¿Se debe intervenir en Siria?

WASHINGTON, DC – Más que cualquier otro suceso de la primavera árabe, el caos en Siria se ha traducido en graves dificultades para los responsables del diseño de políticas occidentales. Así como Siria se compone de una sociedad más compleja respecto de los otros países árabes, que actualmente están sumidos en una transición política, del mismo modo sus relaciones externas son más complicadas. En consecuencia, todo intento decisivo de intervenir militarmente sería no solo difícil sino extremadamente riesgoso.

La actuación predominante de Siria en Líbano, incluso después de haber retirado sus fuerzas de ocupación de dicho país, es tan solo una complicación.
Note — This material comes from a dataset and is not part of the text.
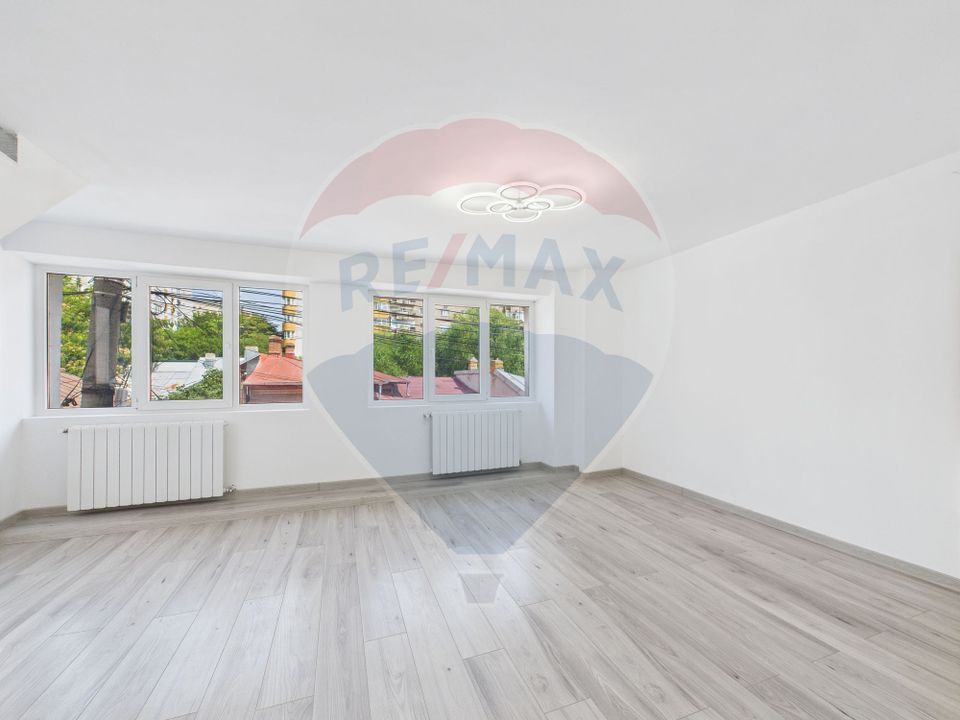 Imobil mixt de vanzare | Ideal birouri / investiție | 232 mp | Rahova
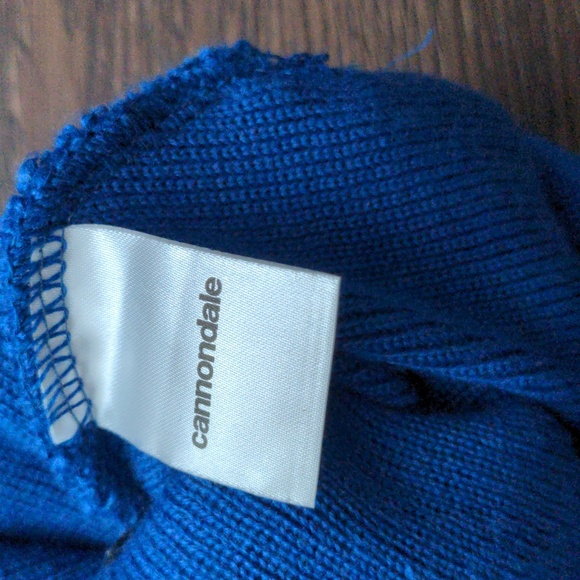 Canondale One Size fits all Blue and Green Thick winter hat with Pom Pom - Picture 3 of 4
Otra, es el gobierno minoritario alawita en un país con una mayoría sunita, lo que convierte a Siria en un representante del Irán chiita en el mundo árabe sunita. Otros grupos minoritarios sirios –los chiitas no alawitas, los cristianos ortodoxos y católicos y los drusos– están vinculados con países vecinos y actores regionales, que atraen un intenso interés del exterior e, incluso, un respaldo activo. Turquía, Arabia Saudita y Rusia tienen intereses estratégicos y vínculos con diversos grupos en Siria.

Por supuesto, los Estados Unidos y sus aliados de la OTAN preferirían el surgimiento de un régimen democrático al estilo occidental en Siria. No obstante, dada la compleja sociedad del país y sus vínculos externos, Occidente debería conformarse con un gobierno estable no dominado por Rusia o Irán, y sin conflictos militares con sus vecinos, incluido Israel.